An isomorphism of pointed oriented planes carries one plane to the other, preserves distances, the reference points, and the orientation. It can be shown that such an isomorphism $F$ must have the form:

$$F(x) = Mx + b'$$

for some linear transformation $M$ with $\det M = 1$ and some constant vector $b'$. To preserve reference points $F(p_B) = Mp_B + b' = p_A$, so we can rewrite $F$ as: $$F(x) = M(x - p_B) + Mp_B + b' = M(x - p_B) + p_A$$ Since $F$ must also preserve orientation in the planes, $F(\hat h_B + p_B) = \hat h_A + p_A$, or just $M\hat h_B = \hat h_A$, and similarly, $M\hat v_B = \hat v_A$ and $M\hat n_B = \hat n_A$.

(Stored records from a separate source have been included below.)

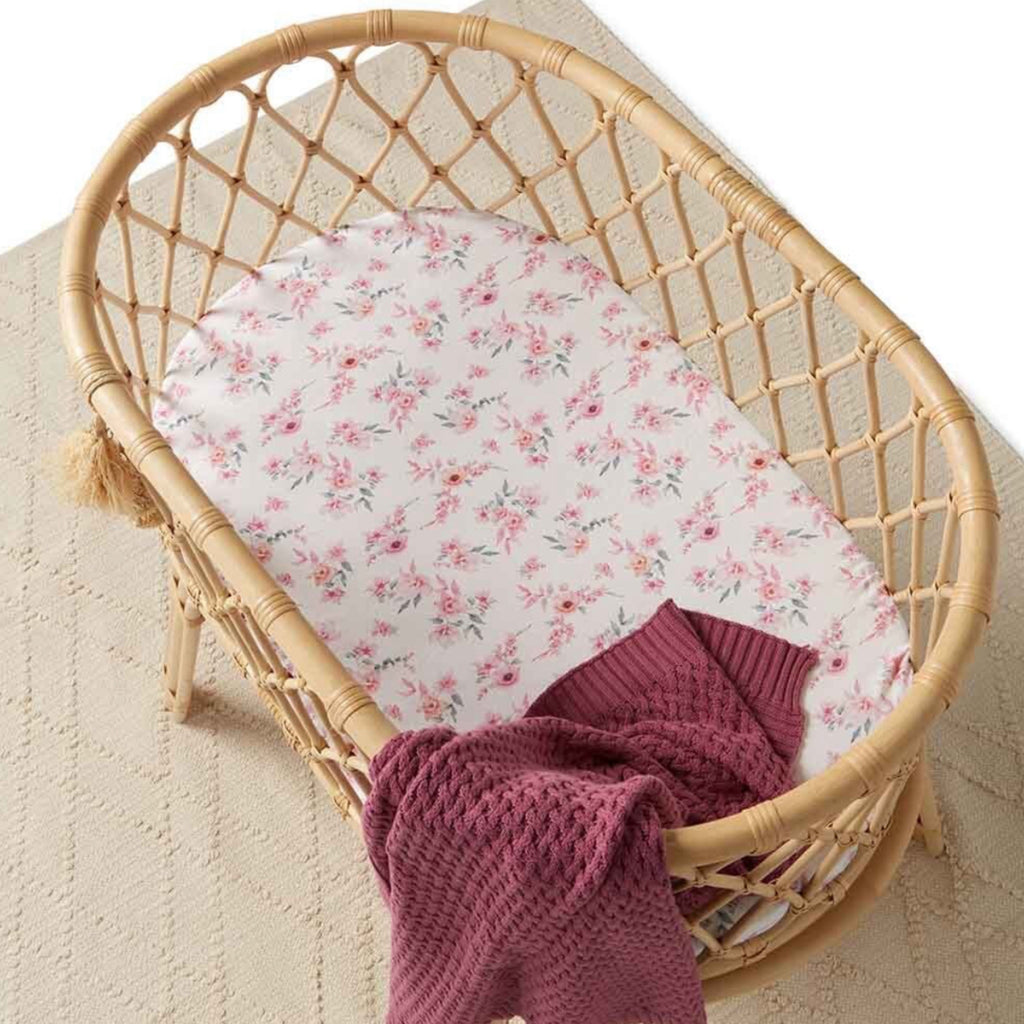 Snuggle Hunny Kids - Bassinet Sheet/Change Mat Cover Camille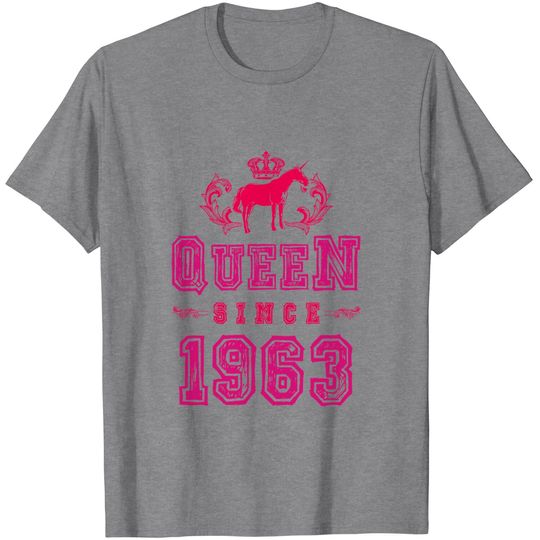 1963 Queen Unicorn T Shirt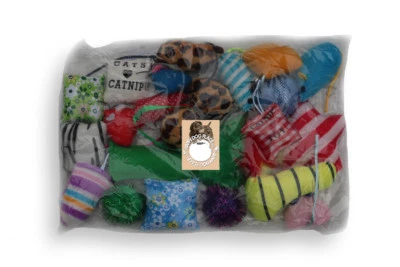 HDP Grab bag CATNIP 24 pieces cat kitty toys bag - Image 1 of 3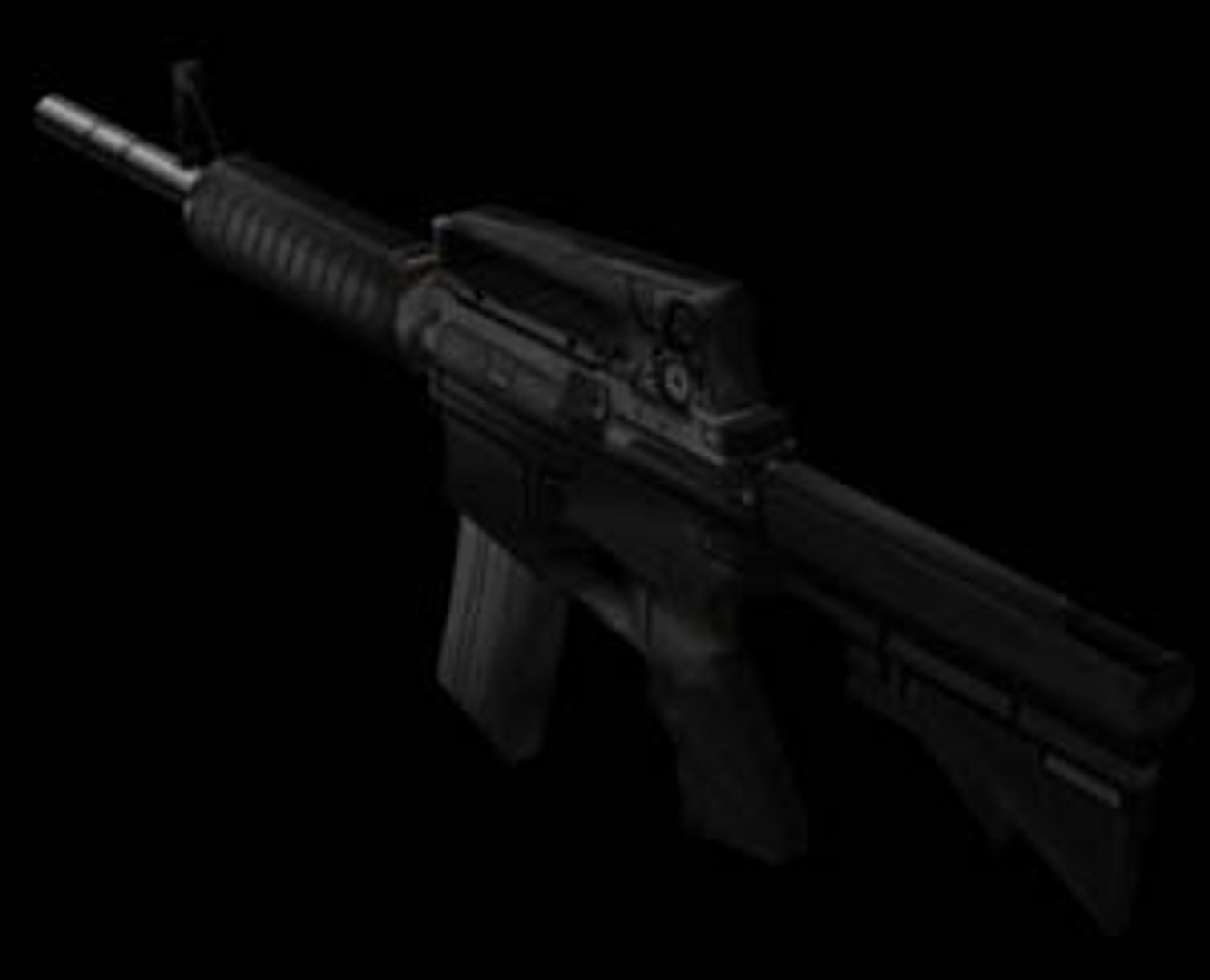 3dsmax colt assault rifle
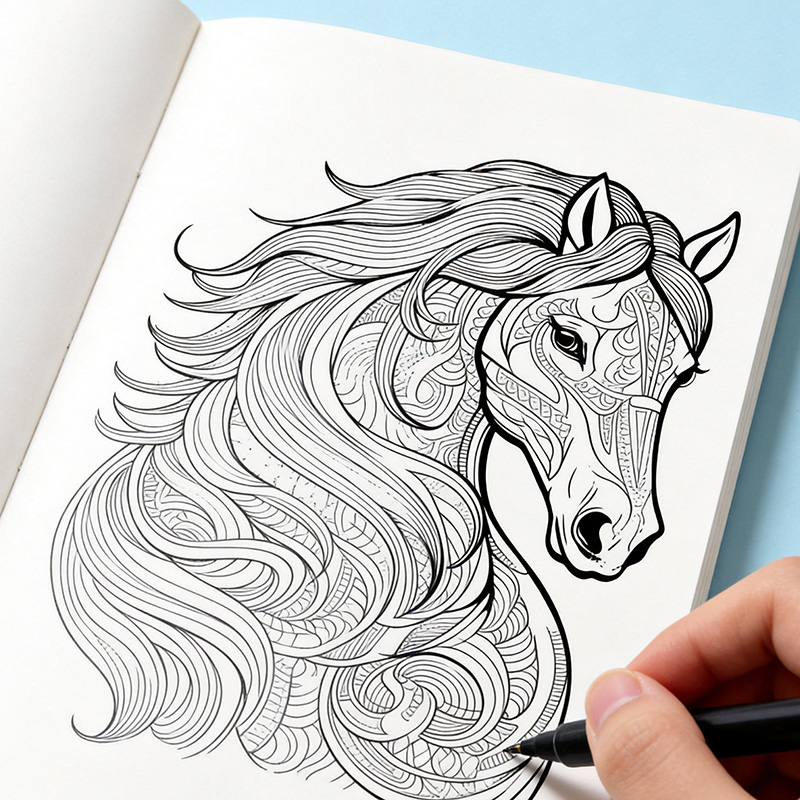A Hand Drawn Coloring Book for - огляд і ціна Photography Book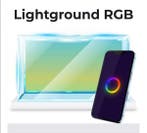 Lightground screen RGB - verlicht achtergrondpaneel, Dieren en Toebehoren, Vissen | Aquaria en Toebehoren, Verzenden, Nieuw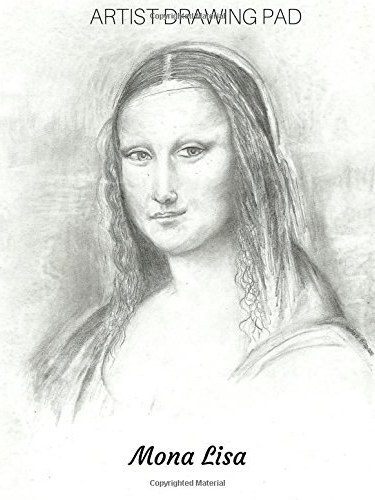 Mona Lisa Artist Drawing Pad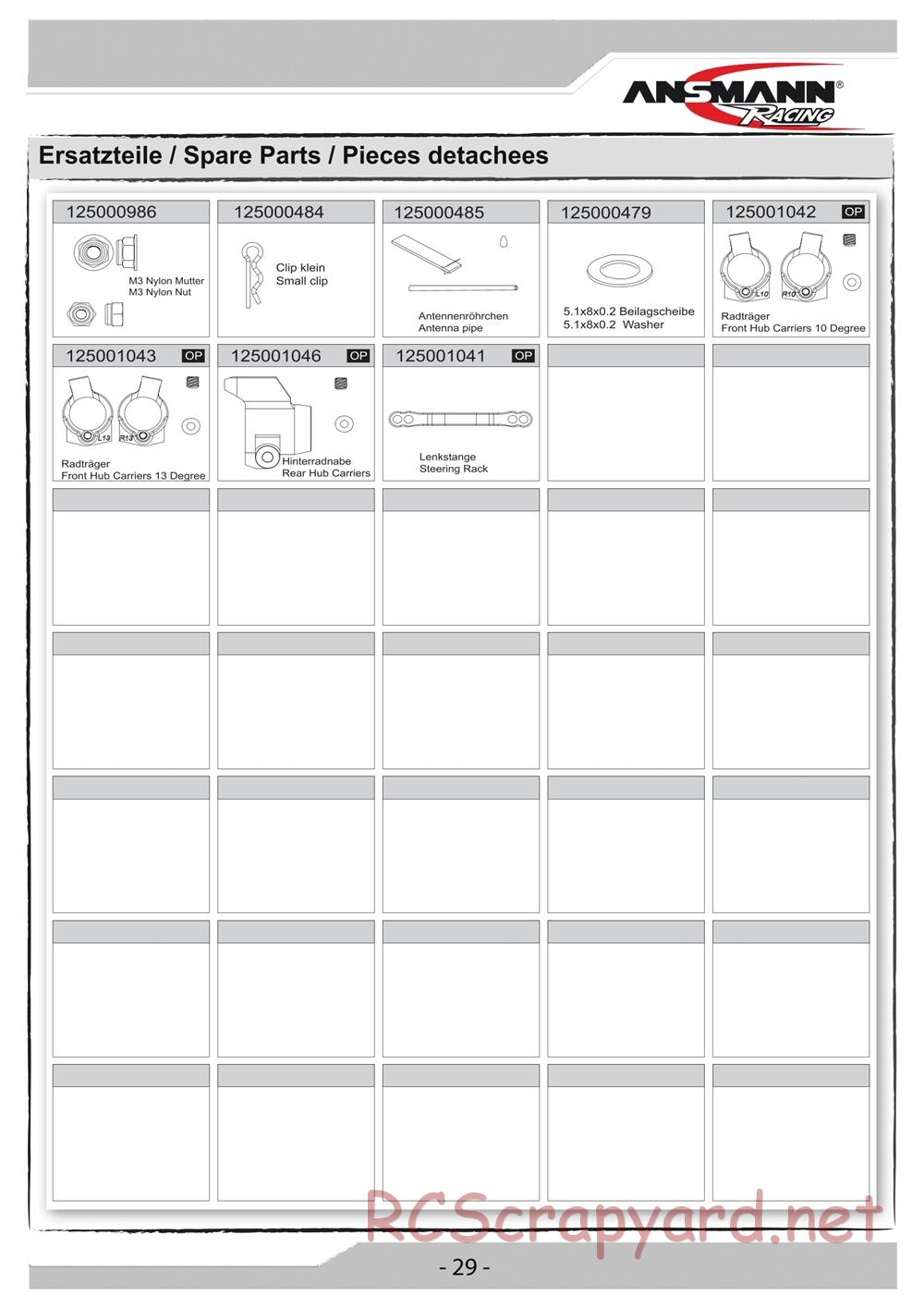 Ansmann - X4 Team Edition (X4te) - Manual - Page 29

If we consider $\hat n$, $\hat h$, $\hat v$ to be column vectors, then we can form a $3\times 3$ matrix $T = \begin{bmatrix} \hat h & \hat v & \hat n\end{bmatrix}$. That is, $\hat h$ is the first column of $T$, $\hat v$ is the second column, and $\hat n$ is the third. Since all three are unit vectors and they are all orthogonal to each other, $T T^T = T^TT = I$. Now, the three relations with $M$ above show that $$MT_B = T_A$$ And therefore, $$M = MI = M T_BT_B^T = T_AT_B^T$$

Other than window dressing this is similar to what you did, but there are a couple of places you messed up, and another where we differ that may just me a matter of different conventions: In your steps,

1. Your $\vec V_x, \vec V_y, \vec V_z$ correspond to my $\hat h, -\hat v, \hat n$, respectively (or at least I assume that by "cross-product X-axis, normal" you mean $\vec V_y = \vec V_x \times \vec V_z$, not $\vec V_y = \vec V_z \times \vec V_x$). I made my choice under the assumption that $\hat n$ points toward the viewer, $\hat h$ points to the right, and $\hat v$ points up.
2. (Same as 1)
3. The second part of this was a mistake. The thing is, $\vec V_x, \vec V_y, \vec V_z$ are vectors here, not points. That is, they are being used to specify directions in space, not locations in it. The operation of translation affects only locations, not directions. None of the vectors $\vec{AV_x},\vec{AV_y},\vec{AV_z}, \vec{BV_x},\vec{BV_y},\vec{BV_z}$ are modified by the translation.
4. In my notation (and ignoring the sign difference and transformation from (3)), your matrix is given by $M = T_B^TT_A$, not $T_AT_B^T$ as I have.